The idea that climate change is shrinking U. S. salaries by 12% is making the rounds, but does it hold up? Let's break it down.

The Study's Premise

  • The claim comes from a study that imagines a world without man-made greenhouse gas emissions.
  • It then estimates how much richer Americans would be in that imaginary scenario.
  • This is not real data; it's a guess.

Economic Reality

  • If climate change were really cutting salaries by 12%, we'd see it in the economy.
  • But we don't.

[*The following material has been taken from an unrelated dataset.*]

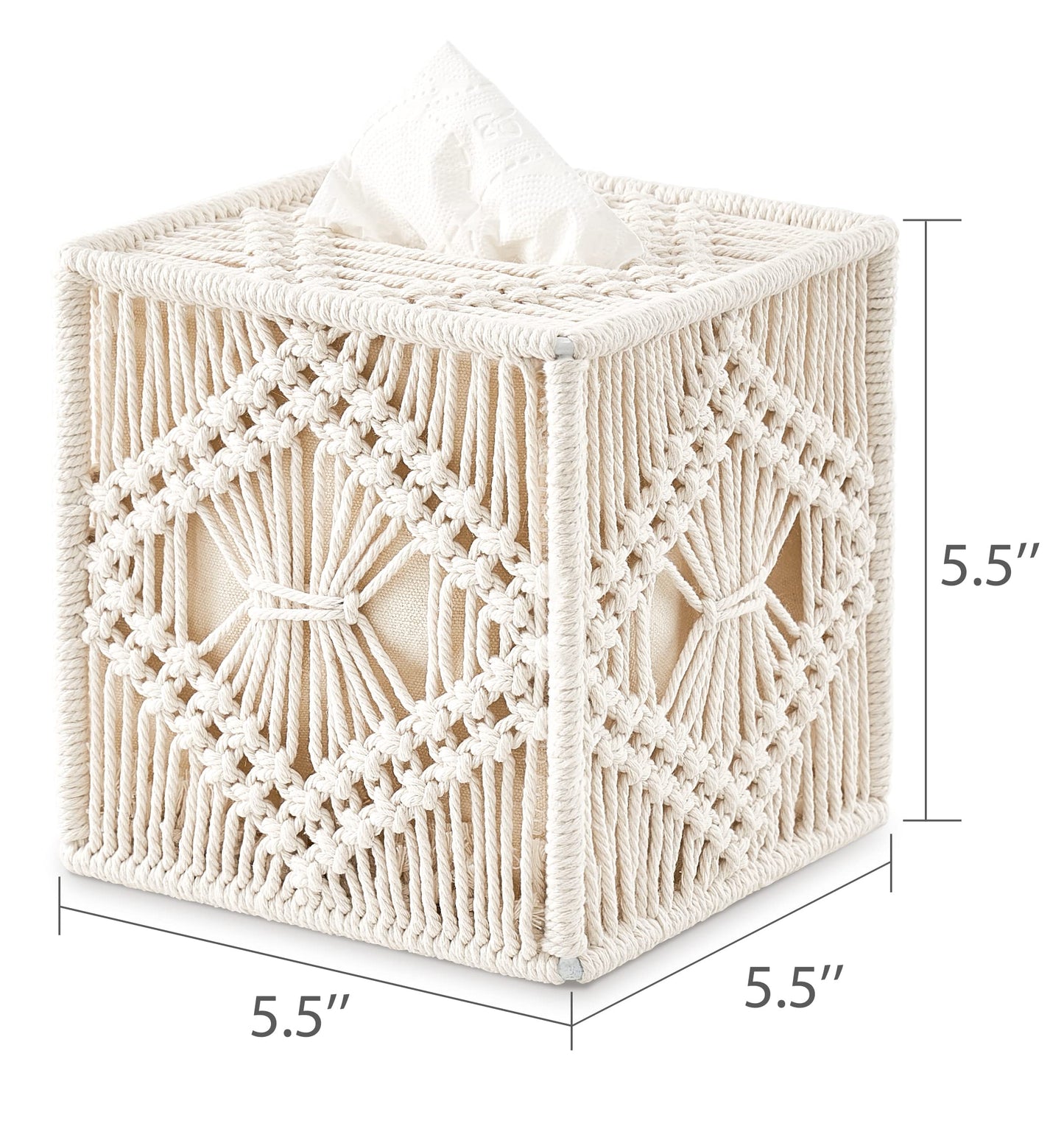 Tissue Box Cover Macrame Square Open-Bottom Tissue Box Holder Boho Decor Tissue Organizer Bohemian Handmade Woven Tissue Cube Box for Bathroom Bedroom Dresser Living Room Office Dorm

Instead:
  • The U. S. economy has grown.
  • Productivity has risen.
  • Living standards have improved.

The Study's Admissions

  • The study admits its numbers are shaky.
  • The estimated income loss could be as low as 2% or as high as 22%.
  • That's a huge range! It shows the number isn't reliable.

Historical Context

  • History shows that colder periods, not warmer ones, have brought slower growth and food shortages.
  • Warmer periods have generally supported:
  • Longer growing seasons.
  • Higher yields.

The Role of CO2 and Modern Agriculture

  • The claim ignores the role of CO2 and modern agriculture in boosting productivity.
  • Rising CO2 has contributed to:
  • Increased plant growth.
  • Larger leaf area across large portions of Earth.
  • Crop yields for staples like wheat, corn, and rice have risen strongly over recent decades.
  • These are real-world outcomes, not guesses.

The Most Revealing Fact

  • Most revealing is what the article cannot show: an actual decline in U. S. salaries attributable to climate change.
  • No such decline exists.
  • What exists instead is a:
  • Growing economy.
  • Rising productivity.
  • Improving agricultural output.
  • Falling climate-related mortality during the very period when temperatures increased modestly.